GIVEN DATA:
──────────
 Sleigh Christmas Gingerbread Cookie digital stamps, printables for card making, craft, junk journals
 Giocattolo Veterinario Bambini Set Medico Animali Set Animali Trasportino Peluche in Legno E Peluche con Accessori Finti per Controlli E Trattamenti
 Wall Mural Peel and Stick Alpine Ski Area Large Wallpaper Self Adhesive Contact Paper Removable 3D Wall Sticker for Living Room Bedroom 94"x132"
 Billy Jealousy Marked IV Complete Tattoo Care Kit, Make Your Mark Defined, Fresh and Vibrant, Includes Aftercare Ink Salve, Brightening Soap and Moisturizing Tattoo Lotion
──────────
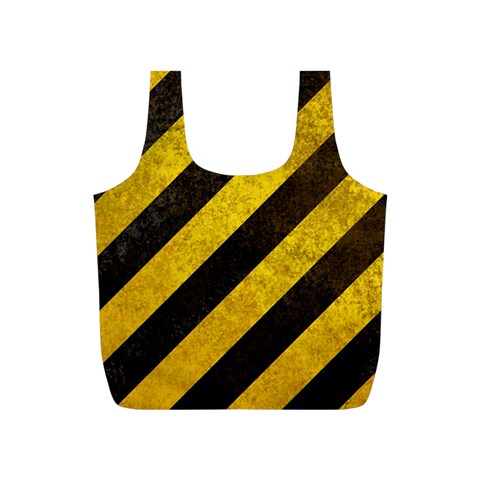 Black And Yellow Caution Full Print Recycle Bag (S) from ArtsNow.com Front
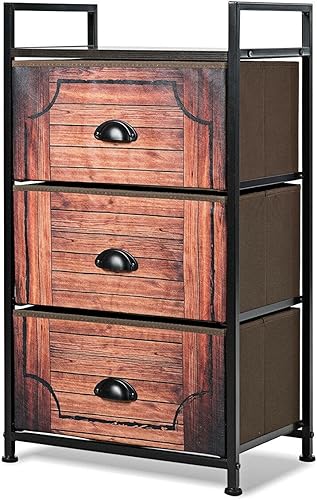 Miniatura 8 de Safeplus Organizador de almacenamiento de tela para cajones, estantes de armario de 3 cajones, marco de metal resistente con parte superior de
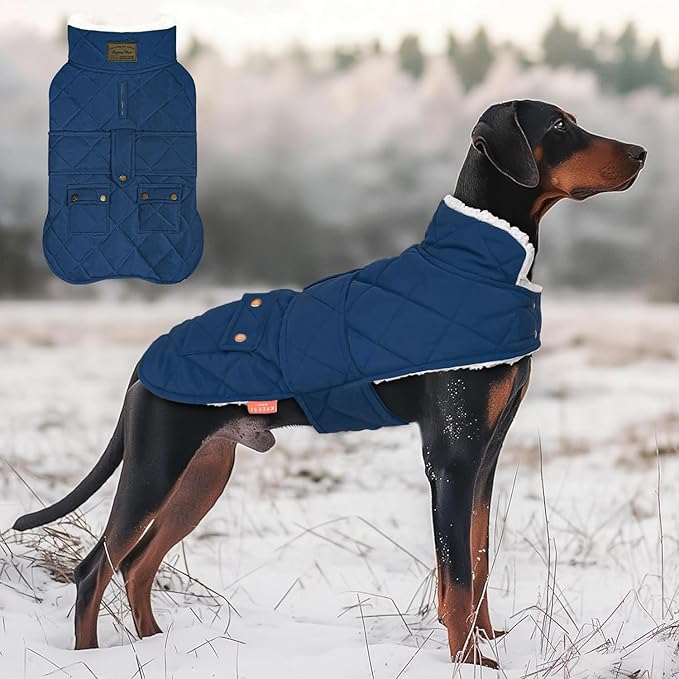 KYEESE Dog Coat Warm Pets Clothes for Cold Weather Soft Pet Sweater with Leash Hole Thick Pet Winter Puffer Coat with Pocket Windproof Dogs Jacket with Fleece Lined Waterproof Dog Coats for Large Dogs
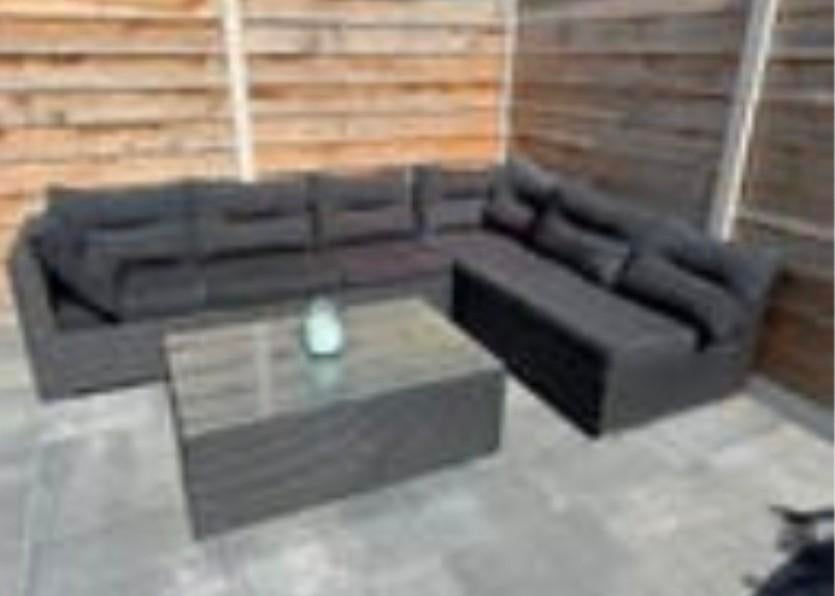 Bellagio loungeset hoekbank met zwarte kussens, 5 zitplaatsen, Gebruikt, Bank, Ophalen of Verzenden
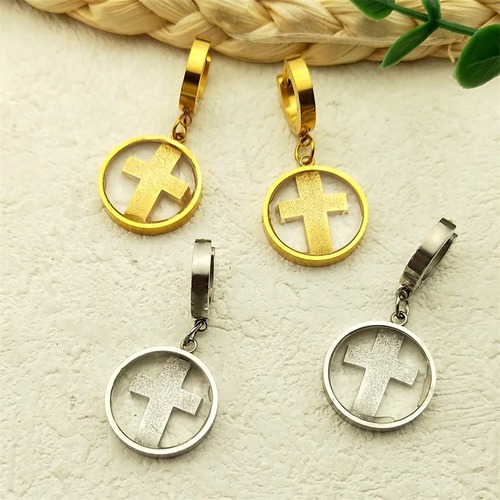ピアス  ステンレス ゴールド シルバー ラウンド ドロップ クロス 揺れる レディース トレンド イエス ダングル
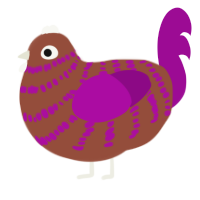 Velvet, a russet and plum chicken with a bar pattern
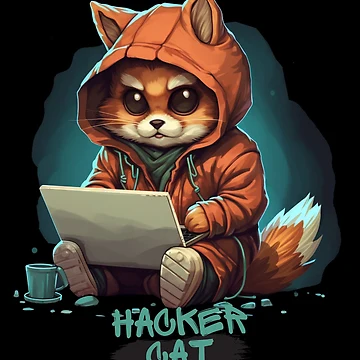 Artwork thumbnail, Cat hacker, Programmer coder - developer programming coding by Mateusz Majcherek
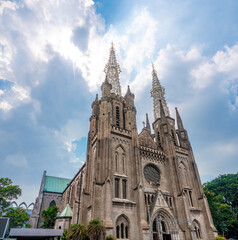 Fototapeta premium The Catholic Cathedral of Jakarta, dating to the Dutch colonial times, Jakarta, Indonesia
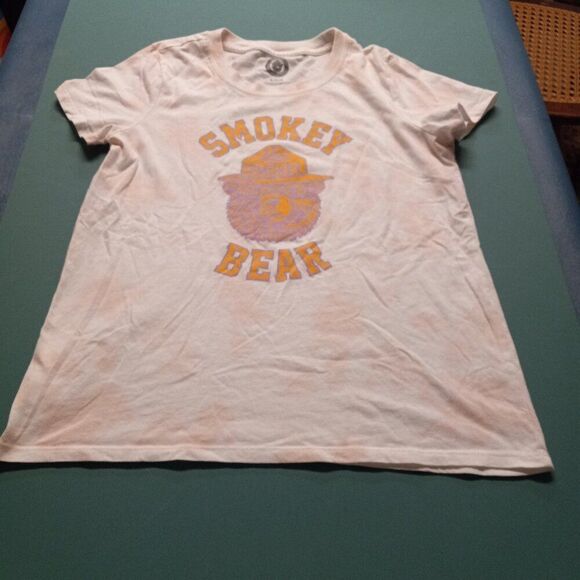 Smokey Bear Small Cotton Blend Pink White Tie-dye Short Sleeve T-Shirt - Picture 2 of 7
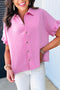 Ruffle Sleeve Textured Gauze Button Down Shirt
──────────
EXERCISE PROMPT: Above is a listing; print exactly its lines from the one with "Sleigh Christmas Gingerbread" through the one with "Billy Jealousy Marked", and no other lines.

EXERCISE SOLUTION:
 Sleigh Christmas Gingerbread Cookie digital stamps, printables for card making, craft, junk journals
 Giocattolo Veterinario Bambini Set Medico Animali Set Animali Trasportino Peluche in Legno E Peluche con Accessori Finti per Controlli E Trattamenti
 Wall Mural Peel and Stick Alpine Ski Area Large Wallpaper Self Adhesive Contact Paper Removable 3D Wall Sticker for Living Room Bedroom 94"x132"
 Billy Jealousy Marked IV Complete Tattoo Care Kit, Make Your Mark Defined, Fresh and Vibrant, Includes Aftercare Ink Salve, Brightening Soap and Moisturizing Tattoo Lotion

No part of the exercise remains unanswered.